その中にはもちろん筋肉少女帯の情報も含まれている。だから一瞬、そっちのツイートを誤って開いてしまっているのかと思ったのだ。

 

「うわ、うわわ、わーーーーーーーーーーーーー!!!!」
と、その情報が間違いなく会長のツイートであったことを確認したわたしは、ここがお店だということを一回どこかに投げ飛ばして声が出ていた。
もう一度ツイートをよく読む。対バン決定?!た、た、対バン!!!??そんな少々どころじゃないパニックを抱えて、お菓子コーナーを陣取っていた息子を探して店内をうろついた。おそらく足取りもおぼつかなかったろうに、通報されなかったのが奇跡だ。

「ちょ、ちょっと、打首さんと筋少対バンするって!!」
と、こんなダイレクトに何の説明もない発言に「ええ!!」と同じ驚きを返してくれる息子は、本当に我が家で純粋培養されていると言わざるを得ないだろう。
オーケンと? 会長?」
「そう! オーケンと、会長!!」
「まじかー。ママ良かったね」
いつか我が家でのスタンダードと他所の家のスタンダードは違うんだよということに気が付くのだろうが、これでいい。これでいいのだ!
そして、わたしのよき理解者である息子は次にこう言った。
「亞一人くんは? 来るの?」

そんな始まり。5月9日はこんな風だった。

20180523
衝撃の発表当日に先行発売のお知らせを受けて、わたしはこれ以上のスピードはないだろうというマッハな速さで、チケットを申込み、宿を取り、飛行機を押さえた。
打首が筋少と対バンすることがあったら、家族で行こうね。そんな風にお酒を片手にライブDVDを観るという夕食時を過ごしていた我が家は、今回は家族旅行という名目を立てることになる。

わたしは、筋少は再結成からの後追いなのだが、何をきっかけに好きになったのかというのがあまり思い出せない。ちょうど結婚式を控えている時期だったのだけど、何を思ったのか毎日毎晩、同じライブDVDを再生するというくらいにハマっていた。おかげで結婚式のBGMは筋少の曲がかなりの数を占めているし、二次会のライブでは筋少コピーバンドにも演奏してもらった。良い思い出だ。
その時にかけらすら存在していなかった息子も、ダメジャンプはお手の物。問うならば!のコール&レスポンスも完璧。そんな楽しい子どもに育っている。
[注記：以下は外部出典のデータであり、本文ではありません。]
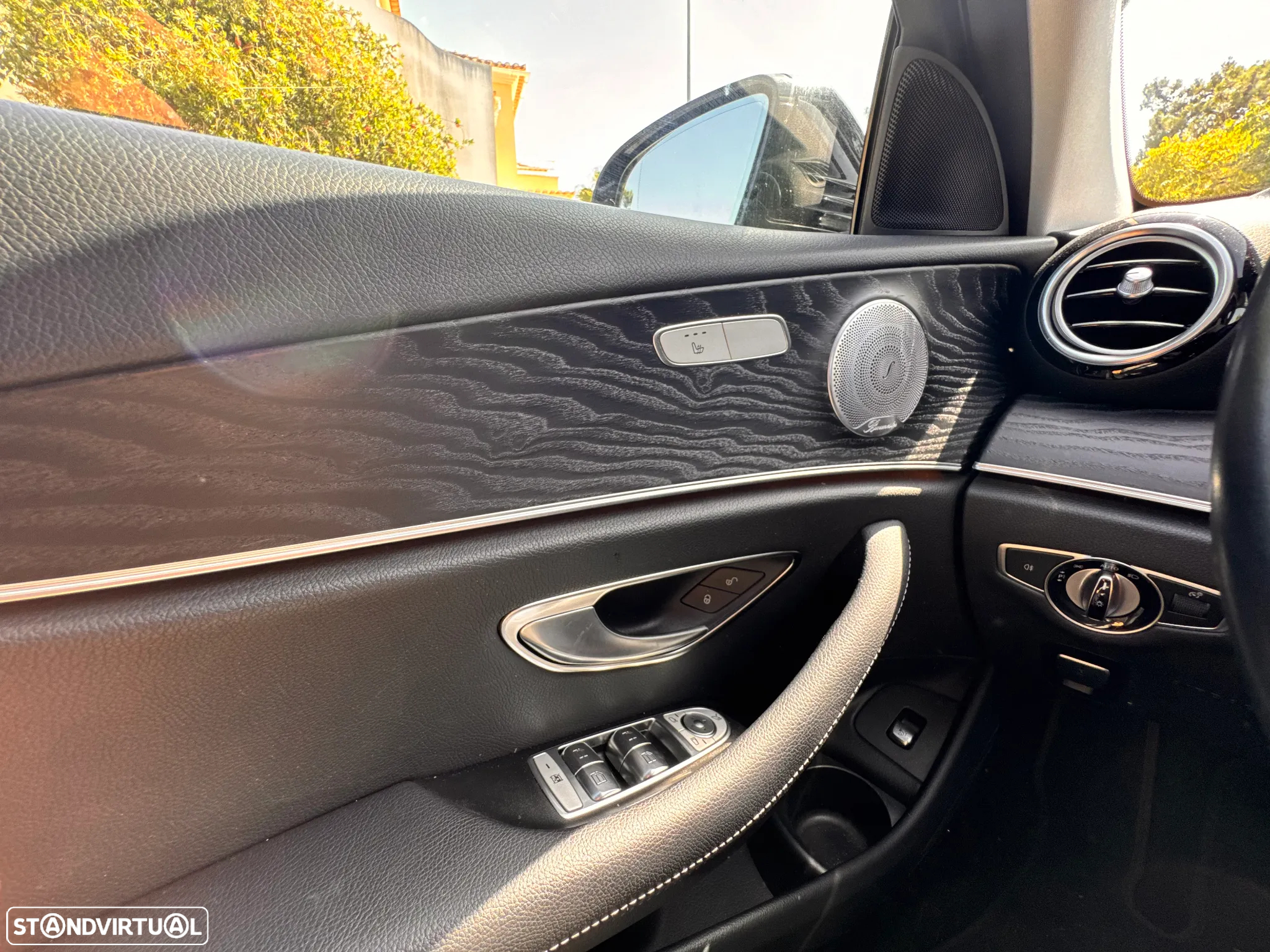 Mercedes-Benz E 300 de 4Matic T 9G-TRONIC Avantgarde - 24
先行チケットの当落発表は5月23日。対バン発表から2週間もないけれど、なんだかとても長く感じた。肝心のチケットが手に入らなければ、どんなに頑張ってもライブを観る事ができない。
世間では転売ヤーという悪の組織が、純粋にライブを観たいという人たちだけでなく、対応に追われる主催側の時間を奪うという暴挙を続けており、非常に腹立たしい存在である。しかも組織化されていることもあり、個人の力では到底太刀打ちできないほどシステマチックなのだ。彼らのネット回線がダイヤル回線となり、パソコンがwindows95になってはくれぬかと、わたしはそんな呪いの言葉をツイートした。
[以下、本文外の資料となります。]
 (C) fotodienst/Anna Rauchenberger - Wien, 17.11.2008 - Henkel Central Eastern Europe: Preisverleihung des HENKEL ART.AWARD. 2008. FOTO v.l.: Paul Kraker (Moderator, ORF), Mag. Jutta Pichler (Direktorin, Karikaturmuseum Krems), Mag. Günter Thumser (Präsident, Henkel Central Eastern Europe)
しかし神様はわたしの普段の行いに対して甘めの評価をつけてくれたのか、家族分のチケット確保を無事完了したのである。ライブで遠征が増えて気が付いたことだが、遠征には『公演チケット』『移動手段』『宿』というこの三種の神器が必要となる。わたしにとってこの中で一番何とかなるのは『公演チケット』だ。そして一番どうにもならないのが『移動手段』である。
もう少し近ければ高速バスなど、少し時間はかかれど、ぐっとお財布に優しい選択肢があるのだが、残念ながら福岡東京は飛行機一択であり、移動手段に至っては検索能力などの技術介入余地があまりない。
せっかく遠くまで行くのだから、翌日何も予定を入れないのももったいないとばかりに、南武線オフ会という電車にただ乗って移動してまた戻ってくるという、世間の人々からすれば時間を費やすだけで何ら意味のない、しかし当の本人からすればものすごく楽しいという聖地巡りの予定を入れる事となった。
何を思ったか押さえるホテルを誤ってしまい、羽田空港近くに陣取ってしまったことは少々失敗かと思ったが、実際当日は特段の不便さもなく、結果良かったのではないか。

そう、風はこちら側に向かって吹いている。
なによりもこの対バンが実現するという事実だけで、わたしは心の置き所に迷ってしまうほどに浮かれていた。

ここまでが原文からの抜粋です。